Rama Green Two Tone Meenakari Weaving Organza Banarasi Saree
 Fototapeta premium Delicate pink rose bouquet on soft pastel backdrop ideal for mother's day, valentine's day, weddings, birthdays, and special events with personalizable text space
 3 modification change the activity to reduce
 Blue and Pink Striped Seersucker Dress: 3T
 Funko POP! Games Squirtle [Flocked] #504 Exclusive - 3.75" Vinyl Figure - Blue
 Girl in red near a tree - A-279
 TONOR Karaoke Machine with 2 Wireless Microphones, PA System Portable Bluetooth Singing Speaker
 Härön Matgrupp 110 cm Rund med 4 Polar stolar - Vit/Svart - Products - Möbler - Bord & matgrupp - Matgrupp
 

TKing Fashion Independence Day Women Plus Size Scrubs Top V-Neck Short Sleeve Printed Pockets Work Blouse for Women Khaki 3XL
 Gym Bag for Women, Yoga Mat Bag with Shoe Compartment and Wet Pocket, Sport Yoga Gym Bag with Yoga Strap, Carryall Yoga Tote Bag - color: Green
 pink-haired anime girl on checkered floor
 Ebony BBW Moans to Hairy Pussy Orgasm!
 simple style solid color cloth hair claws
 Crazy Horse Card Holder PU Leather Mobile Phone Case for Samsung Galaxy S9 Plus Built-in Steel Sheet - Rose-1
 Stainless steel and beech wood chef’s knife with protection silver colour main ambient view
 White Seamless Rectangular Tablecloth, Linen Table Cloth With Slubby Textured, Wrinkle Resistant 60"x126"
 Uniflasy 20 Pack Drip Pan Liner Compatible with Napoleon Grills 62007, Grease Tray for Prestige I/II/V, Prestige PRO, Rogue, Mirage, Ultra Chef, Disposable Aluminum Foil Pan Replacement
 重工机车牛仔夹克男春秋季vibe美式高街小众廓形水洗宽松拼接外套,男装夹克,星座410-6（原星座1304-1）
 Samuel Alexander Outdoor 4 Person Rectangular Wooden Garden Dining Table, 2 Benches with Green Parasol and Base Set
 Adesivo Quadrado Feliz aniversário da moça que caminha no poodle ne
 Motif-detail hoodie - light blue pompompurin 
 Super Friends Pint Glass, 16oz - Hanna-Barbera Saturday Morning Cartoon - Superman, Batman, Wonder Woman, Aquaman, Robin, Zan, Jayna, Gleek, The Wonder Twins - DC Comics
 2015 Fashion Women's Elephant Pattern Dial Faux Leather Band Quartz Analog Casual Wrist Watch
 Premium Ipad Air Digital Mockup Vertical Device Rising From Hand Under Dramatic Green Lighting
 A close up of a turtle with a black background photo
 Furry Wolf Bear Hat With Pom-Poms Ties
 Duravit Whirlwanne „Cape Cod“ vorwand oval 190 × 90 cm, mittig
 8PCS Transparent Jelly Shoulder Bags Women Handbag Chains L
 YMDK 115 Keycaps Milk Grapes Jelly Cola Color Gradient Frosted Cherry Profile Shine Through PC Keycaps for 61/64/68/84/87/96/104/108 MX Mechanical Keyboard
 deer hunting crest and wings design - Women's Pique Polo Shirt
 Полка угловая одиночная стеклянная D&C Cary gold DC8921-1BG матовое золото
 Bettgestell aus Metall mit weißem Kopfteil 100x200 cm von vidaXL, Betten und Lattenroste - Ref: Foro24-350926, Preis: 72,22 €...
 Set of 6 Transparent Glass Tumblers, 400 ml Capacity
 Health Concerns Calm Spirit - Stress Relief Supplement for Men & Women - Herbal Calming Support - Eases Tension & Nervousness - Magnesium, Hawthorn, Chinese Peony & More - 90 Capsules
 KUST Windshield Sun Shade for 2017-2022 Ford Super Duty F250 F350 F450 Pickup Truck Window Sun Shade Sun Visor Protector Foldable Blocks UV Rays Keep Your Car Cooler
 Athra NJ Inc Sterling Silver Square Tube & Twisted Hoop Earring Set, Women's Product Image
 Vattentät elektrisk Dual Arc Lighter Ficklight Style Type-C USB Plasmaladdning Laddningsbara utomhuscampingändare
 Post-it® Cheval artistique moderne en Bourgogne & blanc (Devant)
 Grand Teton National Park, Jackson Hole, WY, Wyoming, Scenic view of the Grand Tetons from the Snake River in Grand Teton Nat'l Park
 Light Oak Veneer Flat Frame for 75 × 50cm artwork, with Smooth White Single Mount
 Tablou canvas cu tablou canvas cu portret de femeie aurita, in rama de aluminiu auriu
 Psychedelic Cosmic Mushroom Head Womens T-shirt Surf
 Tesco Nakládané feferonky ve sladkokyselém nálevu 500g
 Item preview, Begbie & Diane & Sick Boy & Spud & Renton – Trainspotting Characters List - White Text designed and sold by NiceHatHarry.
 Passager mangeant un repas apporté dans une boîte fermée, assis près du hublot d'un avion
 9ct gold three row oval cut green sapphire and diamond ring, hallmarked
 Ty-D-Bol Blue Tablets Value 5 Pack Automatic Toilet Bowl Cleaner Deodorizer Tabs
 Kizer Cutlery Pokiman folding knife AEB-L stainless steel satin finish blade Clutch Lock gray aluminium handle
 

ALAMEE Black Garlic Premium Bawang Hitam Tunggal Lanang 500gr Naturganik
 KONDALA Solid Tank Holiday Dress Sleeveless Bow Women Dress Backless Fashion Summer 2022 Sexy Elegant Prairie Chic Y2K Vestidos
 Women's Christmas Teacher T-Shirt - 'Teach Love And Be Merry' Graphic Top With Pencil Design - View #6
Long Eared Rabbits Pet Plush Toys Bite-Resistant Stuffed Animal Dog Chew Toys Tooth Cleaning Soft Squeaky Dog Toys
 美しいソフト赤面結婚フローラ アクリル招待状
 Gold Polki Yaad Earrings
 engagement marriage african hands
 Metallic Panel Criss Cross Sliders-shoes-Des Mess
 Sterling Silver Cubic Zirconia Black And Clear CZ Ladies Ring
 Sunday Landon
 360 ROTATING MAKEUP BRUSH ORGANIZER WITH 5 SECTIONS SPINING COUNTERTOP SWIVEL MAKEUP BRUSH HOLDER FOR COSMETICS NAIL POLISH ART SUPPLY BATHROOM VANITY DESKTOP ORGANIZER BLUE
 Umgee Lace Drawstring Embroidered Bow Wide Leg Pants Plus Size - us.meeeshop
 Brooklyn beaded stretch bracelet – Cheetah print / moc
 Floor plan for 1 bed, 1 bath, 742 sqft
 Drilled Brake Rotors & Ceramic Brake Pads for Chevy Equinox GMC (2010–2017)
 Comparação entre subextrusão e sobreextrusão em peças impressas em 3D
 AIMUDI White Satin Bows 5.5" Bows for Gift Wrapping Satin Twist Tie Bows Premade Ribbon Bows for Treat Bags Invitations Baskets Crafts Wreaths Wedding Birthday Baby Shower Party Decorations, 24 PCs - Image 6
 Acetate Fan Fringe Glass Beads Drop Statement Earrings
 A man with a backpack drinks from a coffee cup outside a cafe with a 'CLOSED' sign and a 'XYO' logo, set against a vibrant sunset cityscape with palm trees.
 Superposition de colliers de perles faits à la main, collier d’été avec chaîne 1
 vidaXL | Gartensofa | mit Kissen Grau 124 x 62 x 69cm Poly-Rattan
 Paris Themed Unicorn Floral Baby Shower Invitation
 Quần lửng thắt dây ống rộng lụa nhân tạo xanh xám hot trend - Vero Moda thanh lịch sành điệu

────────────────────

▶ Exercise brief: Pull out all lines from the entries above that include the word "Dress".

▶ Finished exercise:
 Blue and Pink Striped Seersucker Dress: 3T
 KONDALA Solid Tank Holiday Dress Sleeveless Bow Women Dress Backless Fashion Summer 2022 Sexy Elegant Prairie Chic Y2K Vestidos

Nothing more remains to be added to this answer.